• _HOW TO COMPLETE THIS TASK_
Below are records; from the line containing "The number itself" through the very last line, output each line exactly. No pictures.

▬▬▬▬▬▬▬▬▬▬

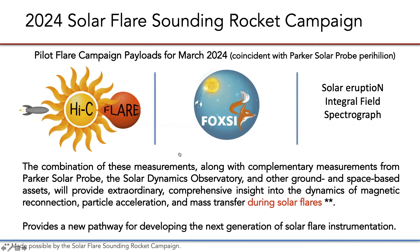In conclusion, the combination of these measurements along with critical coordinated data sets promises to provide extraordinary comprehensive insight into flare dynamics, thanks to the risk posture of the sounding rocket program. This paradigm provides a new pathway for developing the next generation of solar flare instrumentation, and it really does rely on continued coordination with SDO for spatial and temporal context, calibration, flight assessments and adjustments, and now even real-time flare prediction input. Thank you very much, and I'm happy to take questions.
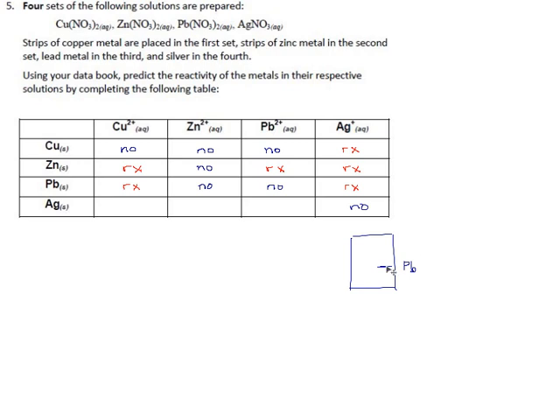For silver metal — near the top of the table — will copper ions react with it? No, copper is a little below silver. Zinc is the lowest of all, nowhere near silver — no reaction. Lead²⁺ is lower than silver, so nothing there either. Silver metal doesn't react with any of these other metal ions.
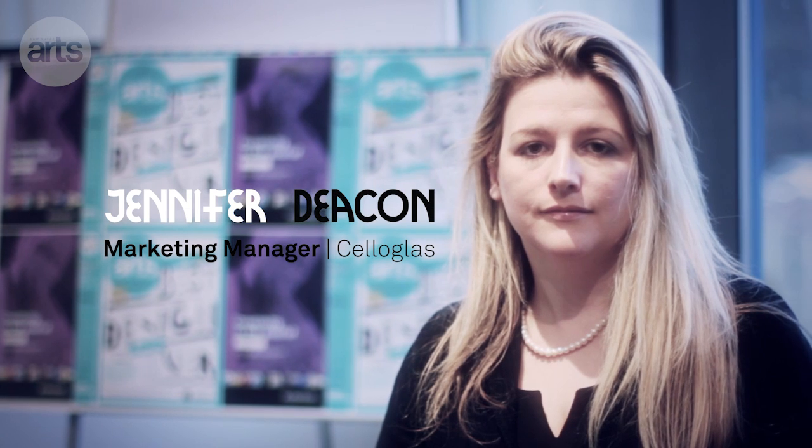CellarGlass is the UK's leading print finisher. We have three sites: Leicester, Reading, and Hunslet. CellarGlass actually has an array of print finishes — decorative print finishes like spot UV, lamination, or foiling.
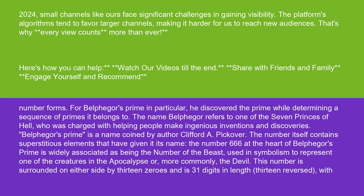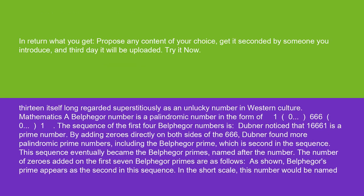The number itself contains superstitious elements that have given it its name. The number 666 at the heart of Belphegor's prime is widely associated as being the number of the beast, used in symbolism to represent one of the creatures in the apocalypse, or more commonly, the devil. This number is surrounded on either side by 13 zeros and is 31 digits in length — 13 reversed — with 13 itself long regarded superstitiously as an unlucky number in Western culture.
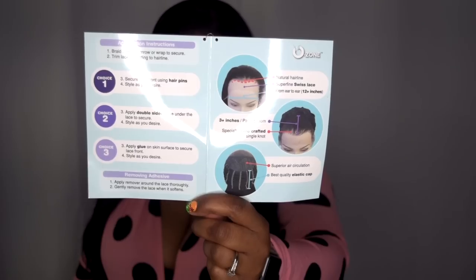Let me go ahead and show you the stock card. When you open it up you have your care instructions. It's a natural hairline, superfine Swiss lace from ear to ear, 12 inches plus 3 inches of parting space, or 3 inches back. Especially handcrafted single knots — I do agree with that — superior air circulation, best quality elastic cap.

▬▬▬▬▬▬▬▬▬▬

• _RESPONSE BOX_
The number itself contains superstitious elements that have given it its name. The number 666 at the heart of Belphegor's prime is widely associated as being the number of the beast, used in symbolism to represent one of the creatures in the apocalypse, or more commonly, the devil. This number is surrounded on either side by 13 zeros and is 31 digits in length — 13 reversed — with 13 itself long regarded superstitiously as an unlucky number in Western culture.
Let me go ahead and show you the stock card. When you open it up you have your care instructions. It's a natural hairline, superfine Swiss lace from ear to ear, 12 inches plus 3 inches of parting space, or 3 inches back. Especially handcrafted single knots — I do agree with that — superior air circulation, best quality elastic cap.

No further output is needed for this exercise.